I did not get any tattoos. I didn’t dye my hair black. I lost eight pounds, then gained about 20. I waited until the last possible minute to tell new friends that my mother was dead, talking only about my father when the subject of “parents” was approached. I frequently wanted to speak up in my English classes, but as soon as I started to raise my hand, my cheeks would flush, and my heart would pound so rapidly, I felt like I might throw up. So I said nothing, and left class each week hating myself.

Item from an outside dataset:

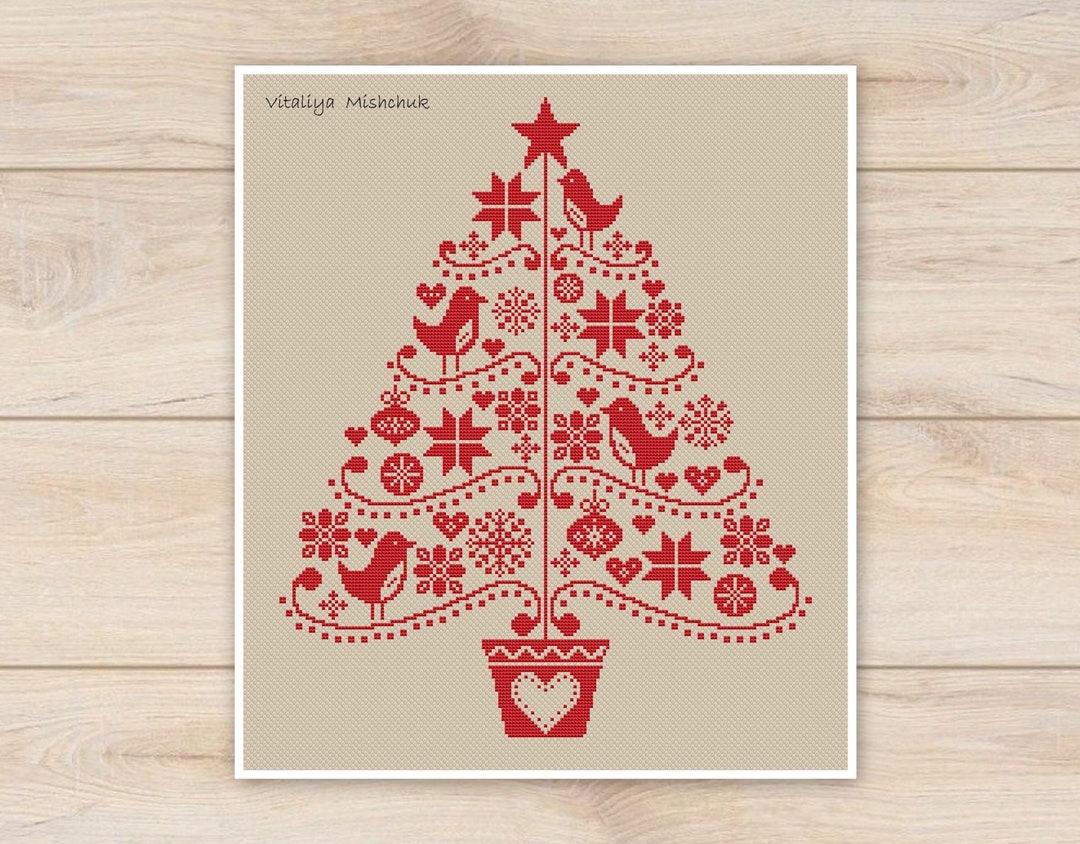 Christmas Tree Cross Stitch Pattern Christmas Ornament Folk Etsy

Every time I’d walk past a girl on campus talking on her cell phone, and hear—“Hi, Mom,”—my heart actually hurt inside of my chest. I blinked back tears and remembered. Only a month earlier, I had walked across campus, yapping on my cell phone to my mother, telling her everything—the books we were reading in African American lit, how I hated my 8 a.m. calculus class, how my roommate Diana and I were quickly becoming friends. In return, my mom kept asking me if I was eating vegetables. (I wasn’t.)

I was so young then! Just a month earlier, I had been a teenager, 18-years-old, starting her first year at school. Now, my mother was gone, and I was old. I had never felt so alone. I gripped my phone in my hand as I walked across campus, and wished someone knew how much courage it took. Just to walk across campus. Because if I called home, she would not be there.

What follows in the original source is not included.